Chegou junho. Mês do orgulho. E eu olho ao redor, e tudo o que sinto é… vergonha. Não por ser quem eu sou, Deus me livre, isso eu nunca escondi. Mas vergonha do que a comunidade LGBTQIAPN+ se tornou — começando por esse nome enorme que virou motivo de chacota; tem que mudar. — E, como gay, falo com a propriedade de quem sempre esteve dentro: a pauta morreu. E o enterro foi com glowstick e remix de diva pop.


Sim, já tivemos uma época em que ser gay era sinônimo de ser inteligente. Culto. Crítico. Engajado. Hoje parece que nossa maior conquista coletiva é conseguir três matches no Grindr e saber o top 10 da Billboard decorado. Parabéns, campeões. Lutamos por isso?

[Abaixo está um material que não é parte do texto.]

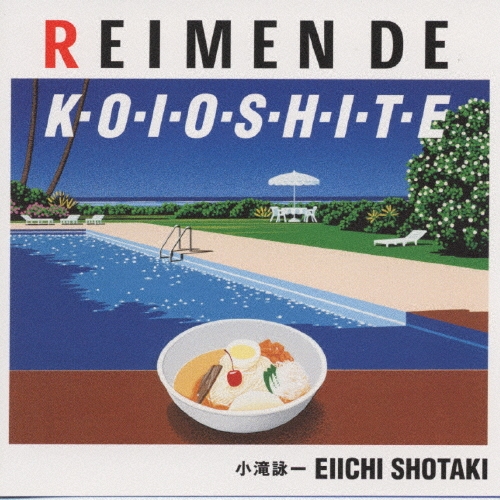 冷麺で恋をして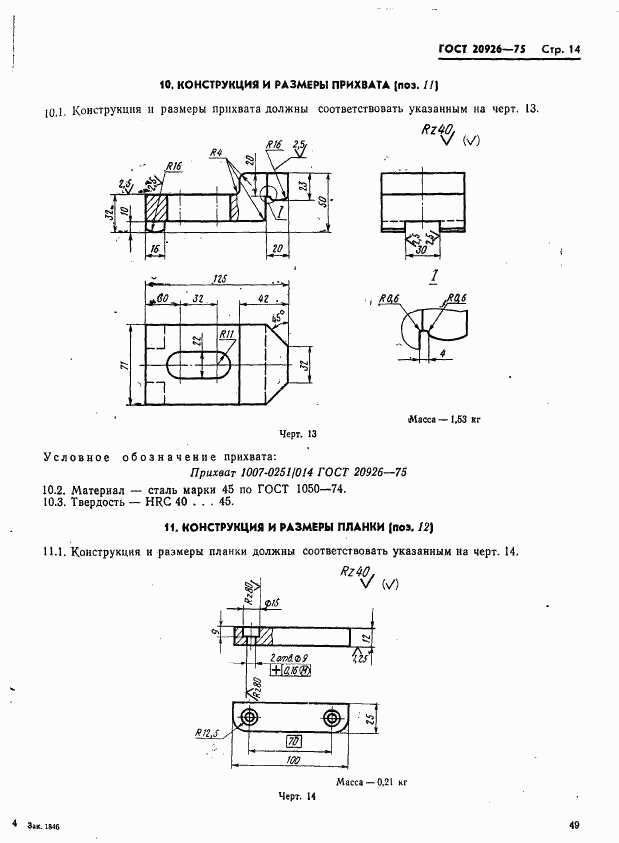 ГОСТ 20926-75, страница 14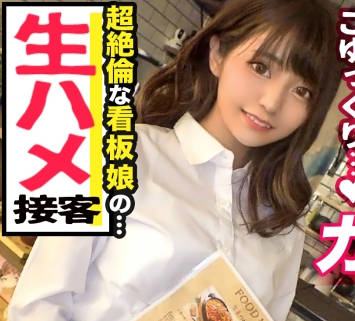 300MAAN-611美臀咖啡店员劲爆色诱口交中出连发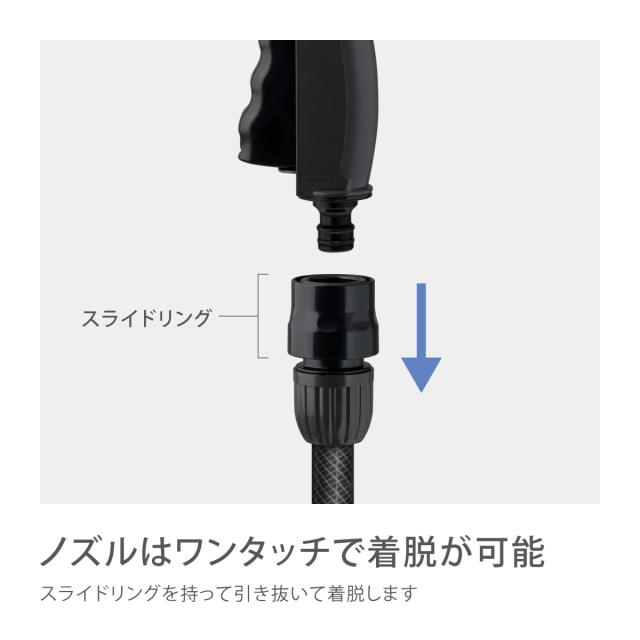 タカさん　専用 タカギ(Takagi) 散水ノズル ノズルシックスS チャコールグレー 洗車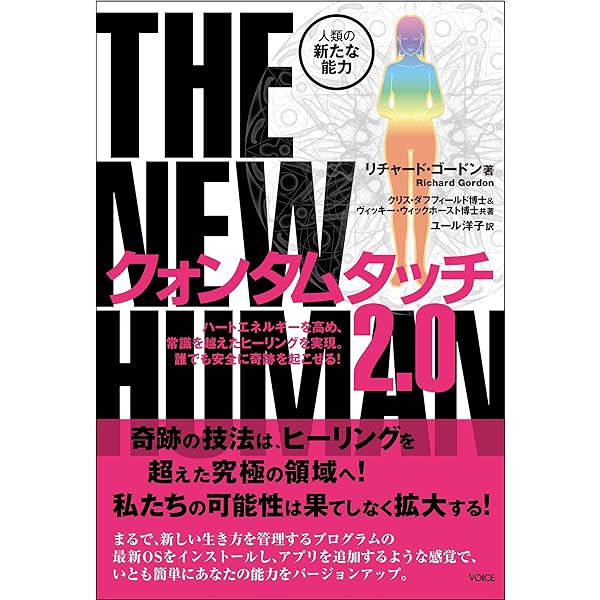 ハンド・ヒーリング: ポラリティ-極性エネルギ- | リチャード ゴードン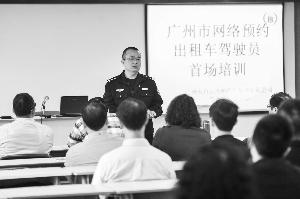 昨日，广州首场网约车驾驶员培训班举行，培训老师在为学员们讲课。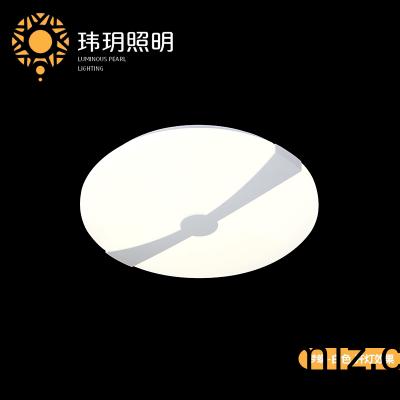 室內(nèi)(nei)現(xiàn)(xian)代吸頂燈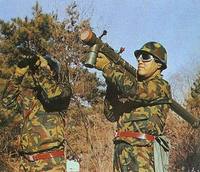 前衛一號防空飛彈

Nosso vocabulário se resumiu a três palavras: Poppers, PrEP e banheirão. Enquanto isso, a extrema-direita avança como uma avalanche moralista, e a gente está ocupado discutindo se bi-pan é redundante, se a passabilidade é opressora ou ferramenta de sobrevivência e quem é “problemático” no Twitter. E aí, claro, sobra até pra Erika Hilton — uma das poucas figuras políticas que ainda está tentando fazer alguma coisa pela gente.
Sim, Erika Hilton teve a ousadia de… fazer política. Convidou Oruan, rapper em ascensão, para um diálogo. Um garoto com voz de liderança, que fala com as massas, que tem poder de influência aonde a nossa voz ordinária não consegue chegar. E, vejam só, ela está CERTA. Mas não: o tribunal da pureza entrou em surto. “Ele é homofóbico! Ele é transfóbico!” – Gente… vocês sabem o que é política? Acham que revolução se faz com gente que pensa igualzinho a você e curte os mesmos tweets? Política é sobre construção, não purismo moral. Se fosse pra conversar só com quem tem 100% de alinhamento, Erika ia passar o mandato inteiro conversando com o espelho.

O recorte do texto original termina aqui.